Nutrition and Fertility

I’m learning more about how nutrition affects fertility in my personal life. Before I get into that specifically, let me give some background. My youngest, Leo, was born with gallstones and multiple severe food intolerances which may or may not be related to the gallstones. Because of that, I have had a very limited diet for almost two years now, with no dairy, soy (including soybean oil and soy lecithin), beef, pork, nightshades, eggs, and only very limited fats, like the occasional avocado or coconut oil. If I cheated, he had a gallbladder attack, so I had a great incentive not to cheat on diet.

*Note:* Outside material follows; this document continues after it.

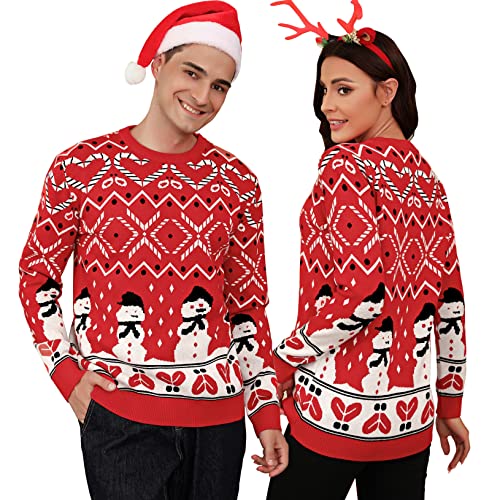 Marvmys Family Matching Christmas Sweater Round Neck Snowman Ugly Knitted Sweater Pullover for Men Women4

Because Leo has never found food to be a comfort, he did not comfort nurse until more recently. I knew that fewer nursing sessions would equal an earlier return to fertility, so I started charting again around his first birthday (I use and teach the Billings Ovulation Method – feel free to ask me for more info on that).  As expected, I ovulated shortly thereafter. I also knew from experience that I shouldn’t expect the first cycle(s) to be fertile, but to anticipate a short luteal phase. This is normal, and it is what happened. The normal progression is for the luteal phase to lengthen in subsequent cycles until fertility has returned.

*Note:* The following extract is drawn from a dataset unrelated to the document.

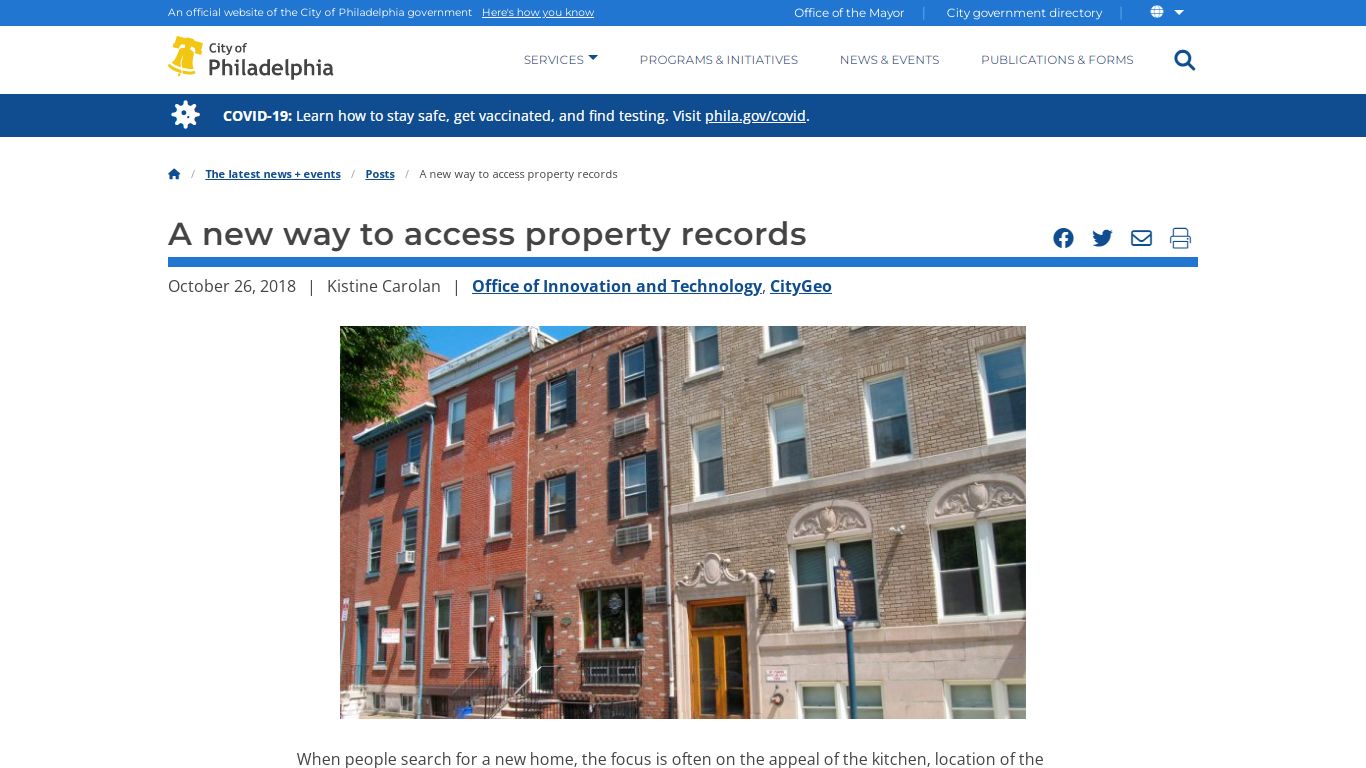 A new way to access property records - City of Philadelphia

For the first couple of cycles, the luteal phase did lengthen, and I thought everything was on track. I had a normal luteal phase with one cycle and figured my fertility had indeed fully returned. The next cycle, though, the luteal phase had shortened to nine days, which is considered too short to be fertile as it doesn’t allow enough time for implantation. I was irritated, to say the least, but I figured it was a fluke. I was also starting to experience dizziness at times, and when I put that information on my chart, I saw that it happened at specific points in my cycle. The next few cycles continued to have a nine-day luteal phase, and the dizziness was getting worse. My breaking point came last month, when I was dizzy for the entire cycle and my luteal phase shortened to seven days.

I no longer thought this was normal, even though Leo had begun to comfort nurse and thus nursed more often. I knew my chart showed low progesterone, and I learned that the dizziness can go along with that. A while back I’d read a post by Simcha Fisher about progesterone cream, so I was all set to try that, too. When I ran that by my husband, though, he wasn’t sure about trying that yet. I was feeling desperate, but he reminded me that maybe my restricted diet was adversely affecting my fertility, and thought I should try adding some things back in to see how it went.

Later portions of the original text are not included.